# Matrix Equivalence is Equivalence Relation

## Proof

Checking in turn each of the critera for equivalence:

### Reflexive

$\mathbf A = \mathbf{I_m}^{-1} \mathbf A \mathbf{I_n}$ trivially, for all $m \times n$ matrices $\mathbf A$.

Thus reflexivity holds.

$\Box$

### Symmetric

Let $\mathbf B = \mathbf Q^{-1} \mathbf A \mathbf P$.

As $\mathbf P$ and $\mathbf Q$ are both invertible, we have:

 $\displaystyle \mathbf Q \mathbf B \mathbf P^{-1}$ $=$ $\displaystyle \mathbf Q \mathbf Q^{-1} \mathbf A \mathbf P \mathbf P^{-1}$ $\displaystyle$ $=$ $\displaystyle \mathbf{I_m} \mathbf A \mathbf{I_n}$ $\displaystyle$ $=$ $\displaystyle \mathbf A$

Thus symmetry holds.

$\Box$

### Transitive

Let $\mathbf B = \mathbf Q_1^{-1} \mathbf A \mathbf P_1$ and $\mathbf C = \mathbf Q_2^{-1} \mathbf B \mathbf P_2$.

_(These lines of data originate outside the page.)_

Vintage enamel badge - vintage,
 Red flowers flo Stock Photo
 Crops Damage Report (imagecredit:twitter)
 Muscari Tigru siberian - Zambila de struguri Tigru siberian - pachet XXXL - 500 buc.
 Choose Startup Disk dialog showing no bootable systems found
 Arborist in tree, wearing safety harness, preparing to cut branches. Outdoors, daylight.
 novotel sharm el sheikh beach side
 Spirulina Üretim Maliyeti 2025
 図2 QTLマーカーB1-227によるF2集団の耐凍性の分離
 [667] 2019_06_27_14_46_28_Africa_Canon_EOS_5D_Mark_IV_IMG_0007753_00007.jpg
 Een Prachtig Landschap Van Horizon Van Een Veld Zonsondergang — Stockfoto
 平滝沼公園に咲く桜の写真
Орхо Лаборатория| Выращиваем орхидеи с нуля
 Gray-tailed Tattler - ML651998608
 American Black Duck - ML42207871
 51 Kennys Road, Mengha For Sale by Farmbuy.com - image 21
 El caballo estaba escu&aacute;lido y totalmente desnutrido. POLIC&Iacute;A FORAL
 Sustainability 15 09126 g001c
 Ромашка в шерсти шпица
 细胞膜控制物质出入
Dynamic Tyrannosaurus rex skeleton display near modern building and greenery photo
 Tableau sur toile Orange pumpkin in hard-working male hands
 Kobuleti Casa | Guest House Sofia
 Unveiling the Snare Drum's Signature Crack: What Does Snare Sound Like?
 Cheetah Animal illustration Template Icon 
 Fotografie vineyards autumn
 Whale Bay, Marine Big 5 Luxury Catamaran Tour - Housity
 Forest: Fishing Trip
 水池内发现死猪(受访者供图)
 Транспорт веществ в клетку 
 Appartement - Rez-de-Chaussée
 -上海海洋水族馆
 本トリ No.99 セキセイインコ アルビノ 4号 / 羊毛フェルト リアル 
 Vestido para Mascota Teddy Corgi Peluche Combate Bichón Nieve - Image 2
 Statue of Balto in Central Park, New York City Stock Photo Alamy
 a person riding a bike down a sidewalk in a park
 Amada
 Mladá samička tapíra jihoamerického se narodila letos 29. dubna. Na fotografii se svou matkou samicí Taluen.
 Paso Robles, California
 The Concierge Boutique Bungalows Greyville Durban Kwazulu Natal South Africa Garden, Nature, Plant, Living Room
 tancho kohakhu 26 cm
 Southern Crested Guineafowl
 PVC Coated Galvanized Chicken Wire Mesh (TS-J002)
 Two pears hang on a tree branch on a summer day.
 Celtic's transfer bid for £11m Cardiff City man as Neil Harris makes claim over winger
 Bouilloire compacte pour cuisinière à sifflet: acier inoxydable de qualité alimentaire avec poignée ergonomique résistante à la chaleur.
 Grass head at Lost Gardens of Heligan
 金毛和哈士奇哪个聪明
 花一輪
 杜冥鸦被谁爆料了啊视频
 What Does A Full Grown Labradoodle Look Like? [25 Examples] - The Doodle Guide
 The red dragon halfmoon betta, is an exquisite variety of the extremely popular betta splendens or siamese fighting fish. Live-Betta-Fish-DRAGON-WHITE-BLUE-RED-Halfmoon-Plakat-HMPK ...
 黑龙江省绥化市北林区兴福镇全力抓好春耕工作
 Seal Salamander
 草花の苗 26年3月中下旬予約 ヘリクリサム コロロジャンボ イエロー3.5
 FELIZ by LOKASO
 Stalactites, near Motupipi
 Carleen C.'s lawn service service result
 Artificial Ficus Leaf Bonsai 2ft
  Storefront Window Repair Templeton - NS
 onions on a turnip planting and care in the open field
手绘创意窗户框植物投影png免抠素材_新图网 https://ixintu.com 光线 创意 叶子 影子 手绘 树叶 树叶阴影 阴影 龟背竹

Then $\mathbf C = \mathbf Q_2^{-1} \mathbf Q_1^{-1} \mathbf A \mathbf P_1 \mathbf P_2$.

Transitivity follows from the definition of invertible matrix, that the product of two invertible matrices is itself invertible.

$\Box$

Hence the result by definition of equivalence relation.

$\blacksquare$